FitGMLD and Complete performed well, achieving over 90% imputation accuracy, for a range of reasonable parameter combinations. Figure 1 depicts the effects of varying v and q on the success rate of FitGMLD and a comparable interval graph method, FitIntervalLD, for missing data imputation. Across all combinations of w, q, and v tested, FitGMLD outperformed FitIntervalLD. FitGMLD (maxlink v = 5), performed best with less additional constraint (lower penalty), illustrating the tradeoff between penalty and maxlink. However, these more restrictive models gave less accurate results, due to their oversimplification of allelic associations. For runs of FitGMLD with maxlink at least 15, optimal imputation success was attained with penalty, q, between 0.125 and 0.25. Since the computational burden increases with decreasing penalty and increasing maximum link distance, we use q = 0.25 and v = 15.

With properly tuned parameters, FitGMLD consistently outperformed Fit-IntervalLD but was slightly less accurate than the Beagle (Beagle version 3.0.4) software (Browning and Browning, 2008). In accordance with Figure 1, we took as optimal parameters (w, v, q) = (250, 15, 0.25) for FitGMLD and penalty q = 0.125 for FitIntervalLD. Figure 2 shows the fraction of genotypes correctly imputed of the 15% that were randomly deleted, for a set of 500 contiguous SNPs (5 independent estimates). Of the three programs, Beagle achieves the best mean accuracy (92.1%), and FitGMLD (91.3%) performs almost as well. The accuracy of FitIntervalLD (88.5%) is lower, which is expected since it models LD by a more restrictive class of graphs. These results were independent of the experimental design. For example, we observed similar performance imputing genotypes for a test set genotyped at a sparse subset of loci, given a fully genotyped reference set. The accuracies do, as expected, tend to increase with the number of loci, reaching, for 100,000 loci, approximately 93% and 95% with FitGMLD and Beagle, respectively.

Figure 2: — Success rate for missing data imputation, comparison of FitGMLD, Fit-IntervalLD, and Beagle for 500 loci, 5 independent estimates each.

Use of a full graphical modeling approach to estimate LD is computationally intensive, as reflected in the relatively long runtimes of FitGMLD. Figure 3 compares the run times of FitGMLD, Beagle, and Complete on contiguous subsets of of 200 to 100,000 loci on chromosome 1 from 60 unrelated individuals from the HapMap Yoruba data set. As shown, all three programs scale approximately linearly in the number of loci. Figure 4 compares the run times of FitGMLD, Beagle, and Complete on data for 500 loci from sets of 100 to 12500 individuals. These data were simulated according to a previously estimated LD model. Complete scales linearly in the number of sampled individuals, whereas the runtimes for FitGMLD and Beagle both exhibit slight super-linear growth in the number of samples. In the case of FitGMLD, the super-linearity reflects increased estimated model complexity with increasing sample size.
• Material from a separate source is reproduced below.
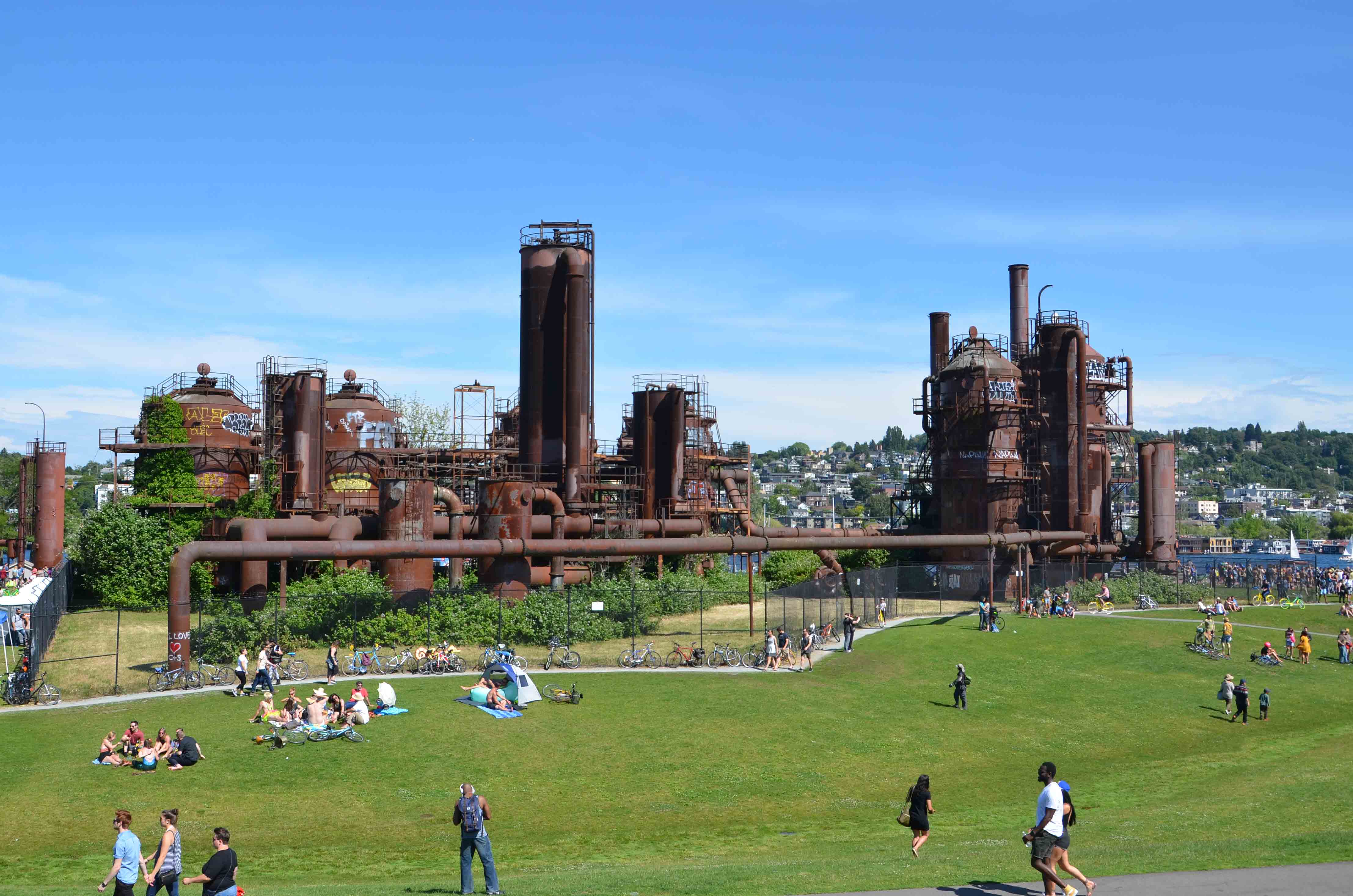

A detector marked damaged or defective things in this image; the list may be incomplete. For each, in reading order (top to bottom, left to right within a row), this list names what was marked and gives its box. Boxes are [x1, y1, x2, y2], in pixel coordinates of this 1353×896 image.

Figure 3: — Time to run FitGMLD *(black)*, Beagle *(red)*, and Complete *(blue)* vs. number of markers, for 60 individuals.
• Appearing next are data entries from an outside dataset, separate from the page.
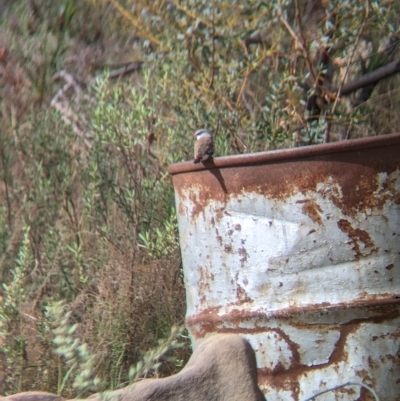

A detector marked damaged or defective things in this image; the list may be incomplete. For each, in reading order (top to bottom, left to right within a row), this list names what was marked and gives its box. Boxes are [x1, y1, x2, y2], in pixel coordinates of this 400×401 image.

rusty metal barrel [168, 134, 400, 400] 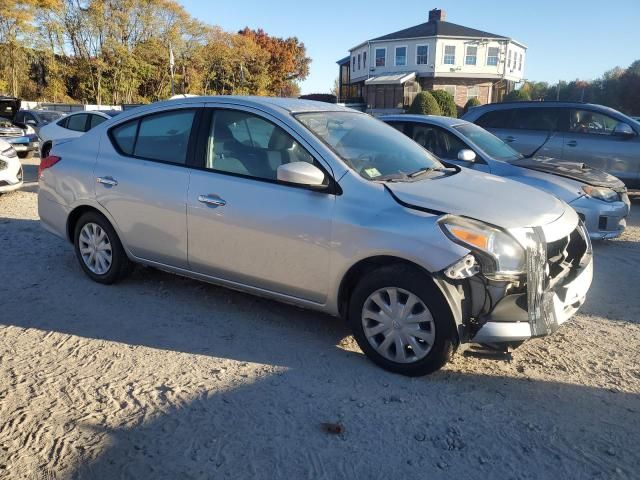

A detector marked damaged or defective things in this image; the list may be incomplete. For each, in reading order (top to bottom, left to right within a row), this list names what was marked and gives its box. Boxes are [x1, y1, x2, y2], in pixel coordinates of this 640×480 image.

car with damaged hood [0, 95, 39, 158]
car with damaged hood [37, 96, 592, 376]
car with damaged hood [380, 114, 632, 238]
Figure 4: — Time to run FitGMLD *(black)*, Beagle *(red)*, and Complete *(blue)* vs. number of individuals, for 500 loci.

The graphical modeling approach requires a relatively long time to estimate a joint allelic distribution. Once estimated, however, a reference LD model can be used for a variety of purposes, including imputing missing data from additional test sets. In this case, imputation is quite fast. Figure 5 shows the time to phase 1000 simulated genotypes for 200 to 100,000 loci for both Complete and Beagle. Figure 6 shows the time to phase simulated genotypes with 50,000 markers for 100 to 5000 individuals for Complete and Beagle. Again, Complete is fast and scales linearly in the number of individuals.

Figure 5: — Time to run Complete *(black)* or Beagle *(red)* vs. number of markers for 1000 individuals.

Figure 6: — Time to run Complete *(black)* and Beagle *(red)* vs. number of individuals for 50,000 markers.

4. Conclusions

We have shown that it is feasible to model allelic associations by a fairly general class of decomposable graphs. As illustrated by comparison with the Beagle software package, our algorithm attains accuracy in imputing missing genotypes comparable to that of other current programs. Our model, however, allows for both genotyping error and complex patterns of linkage disequilibrium that are only loosely bound to the physical order to loci along a chromosome. Thus the model estimation step of our approach is much slower than Beagle’s simple and efficient strategy of estimating variable length Markov chains by first constructing a tree of all possible haplotypes and then merging nodes whose state is independent of the states of downstream loci. In some cases, our approach may better model the fine structure of allelic associations, which is shaped less by recombination than by new mutations arising on different genetic backgrounds. Furthermore, while the imputation accuracy of our method was slightly less than that of Beagle for the particular test data chosen here, its greater flexibility might prove important for genetic data containing many cryptic rearrangements.

The generality of our graphical modeling approach to estimating allelic associations comes at a cost; the programs are computationally expensive. Compared to other schemes for estimating LD, however, our method does enjoy several advantages. First, our two-stage LD model estimation and haplotype phasing is efficient in its use of memory. Our implementation allows for model estimation from an arbitrarily large reference panel. Furthermore, after a reference LD model has been estimated, the Complete program can quickly phase haplotypes and impute missing data for arbitrarily large sample sizes.

Our use of a Markov chain Monte Carlo approach permits, in addition to posterior most probable imputation, simulation from the posterior distribution on all variables, so that we can assess confidence in our imputations. Marginal posterior distributions for locus genotypes can also be computed to give confidence indicators. Also, genotyping error is explicitly included in both our model estimation and imputation programs. This not only renders our estimates robust to genotyping error but also allows for estimating the posterior probabilities of such errors.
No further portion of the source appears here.